Solo cinco de las 11 empresas restantes mantuvieron un nivel de excelencia similar en comparación con cuando aparecieron en los libros. Lo que sucedió después de volverse grandioso claramente no es una grandeza duradera, sino una fuerte regresión al promedio.

Sin embargo, una "fórmula de éxito" tan engañosa sigue siendo muy popular en los medios comerciales y la educación. Hay un número creciente de listas que cuentan con el mejor rendimiento empresas, CEOs y empresarios. Una posible razón para esto puede ser una paradoja fundamental en el comportamiento humano: cuanto más incierto se vuelve el mundo, más personas buscan y confían aparentemente ciertas soluciones y líderes fuertes.

El negocio de la suerte

La investigación y la educación en gestión deben centrarse en las teorías prescriptivas que pueden ayudar a los profesionales de negocios a pasar de "incompetente a OK", en lugar de enfocarse en aquellos que abordan cómo pasar de "bueno a excelente". Pero las teorías de gestión actuales y muchos éxitos de ventas de gestión empresarial se centran en este último, a pesar de que ser "excelente" en los negocios a menudo es principalmente una cuestión de suerte.

Tal referencia a la suerte es rara en la investigación de gestión. Una revisión del uso de la suerte en revistas de gestión líderes sugiere que solo el 2% de los artículos mencionan la palabra. Los medios de comunicación y los educadores empresariales deben reconocer que tenemos muchas ofertas para ayudar a los profesionales a cometer menos errores en los negocios y en la vida cotidiana, pero hay poco que podamos enseñar sobre cómo tener un éxito excepcional.

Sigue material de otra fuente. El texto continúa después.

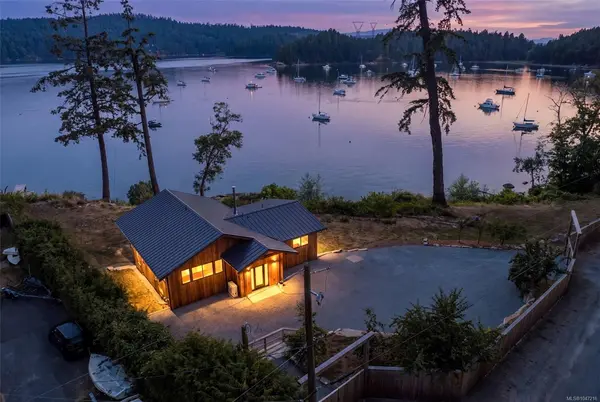 479 Montague Park Rd, Galiano Island BC V0N 1P0 - 4 bed, 3 bath property for sale in Galiano Island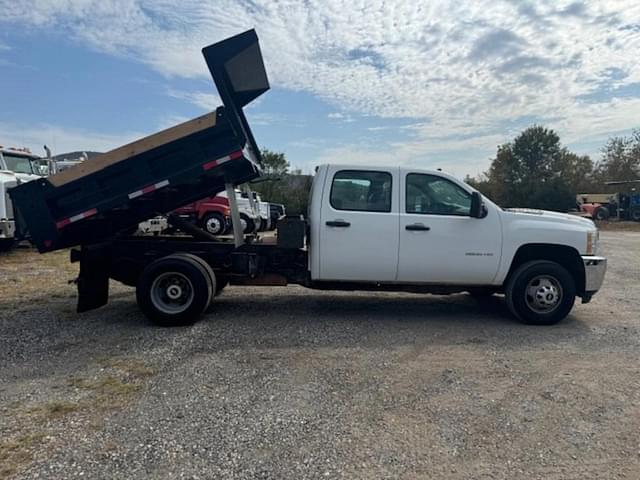 Image of Chevrolet 3500HD equipment image 2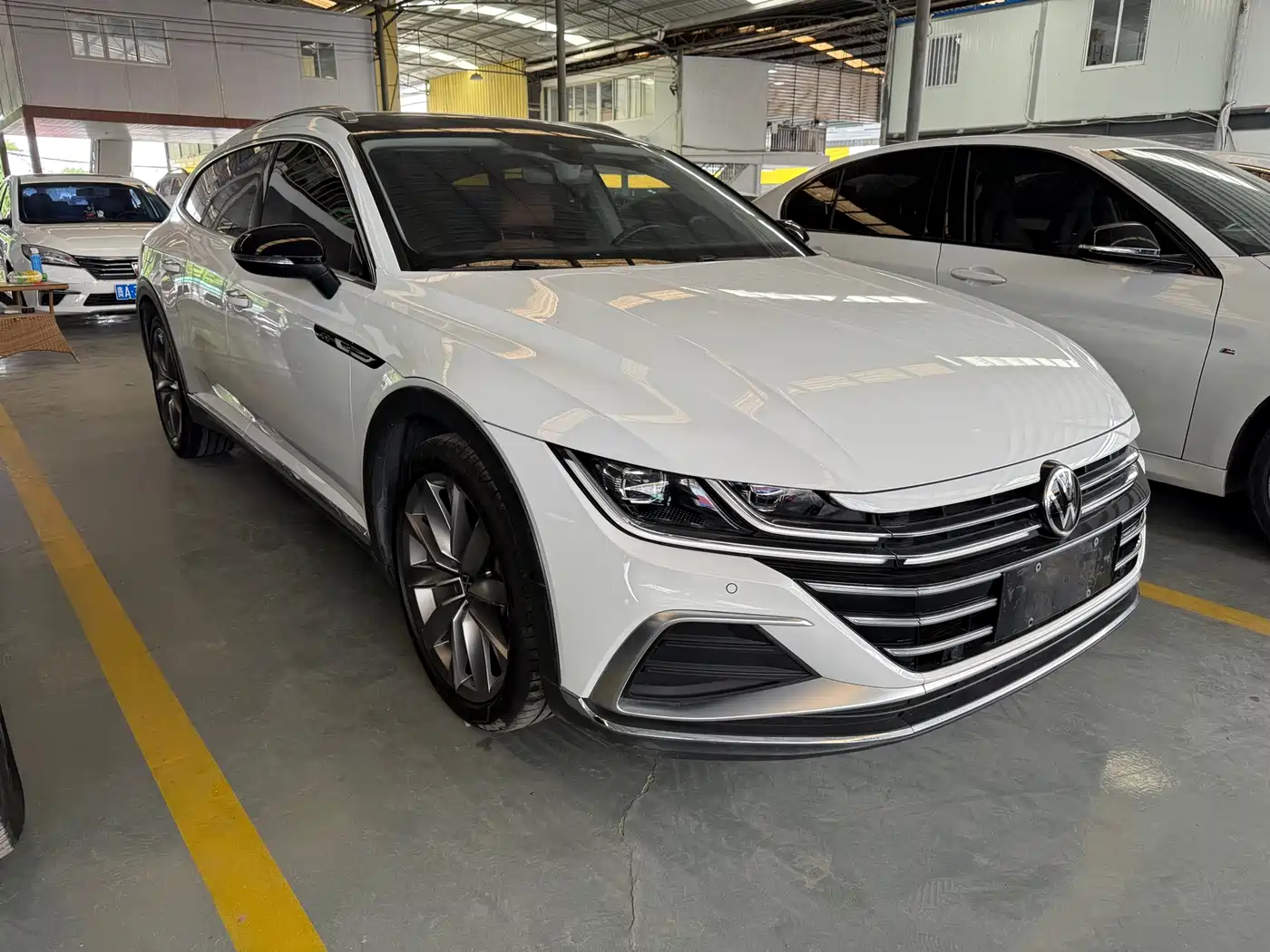 Volkswagen FAW-Volkswagen CC 2021 Model Shooting Brake 380TSI Hunting Wind Edition фото 3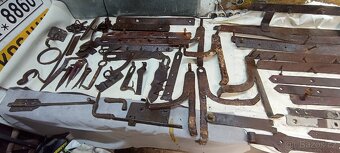 Staré kování  panty.... - 3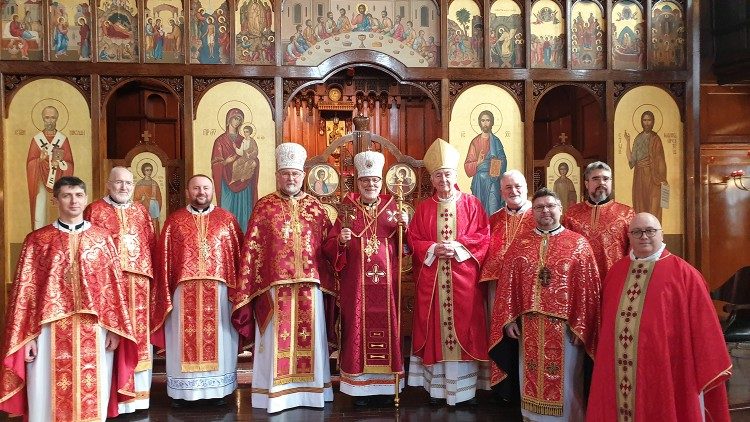 2020.03.24 vescovo Kenneth Nowakowski, Cardinale Vincent Nichols e vescovi e clero della chiesa cattolica greco-ucraina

Esto plantea un desafío para las sociedades modernas con respecto a cómo lidiar con los éxitos. Estamos programados para recompensar e imitar a los más exitosos. Pero cuando los más exitosos en las sociedades modernas ya no son un punto de referencia confiable, al pasar por alto tal desajuste, vemos que continuamos premiando su suerte y aumentando la desigualdad.

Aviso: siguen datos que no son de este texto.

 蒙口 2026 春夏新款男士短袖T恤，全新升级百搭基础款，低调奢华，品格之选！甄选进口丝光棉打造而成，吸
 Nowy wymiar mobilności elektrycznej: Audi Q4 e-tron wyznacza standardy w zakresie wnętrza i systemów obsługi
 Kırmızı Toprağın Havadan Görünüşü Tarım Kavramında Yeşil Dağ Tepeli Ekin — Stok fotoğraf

Contratación de "estrellas" o copiando las prácticas de el más exitoso no solo conduce a una decepción predecible, sino también fomentar el engaño porque no hay otra manera de replicar su excepcional buena suerte. El mundo de los negocios necesita equilibrar las cuentas de rendimiento excepcional y tener una mirada mucho más crítica efectos de la suerte y los beneficios de ser el segundo, o incluso el tercero o el cuarto, el mejor. Los éxitos ciegamente gratificantes fortalecen el mito de la meritocracia e invitan al fraude.La conversación

Sobre el Autor

Chengwei Liu, profesor asociado de estrategia y ciencia del comportamiento, Warwick Business School, Universidad de Warwick

Este artículo se republica de La conversación bajo una licencia Creative Commons. Leer el articulo original.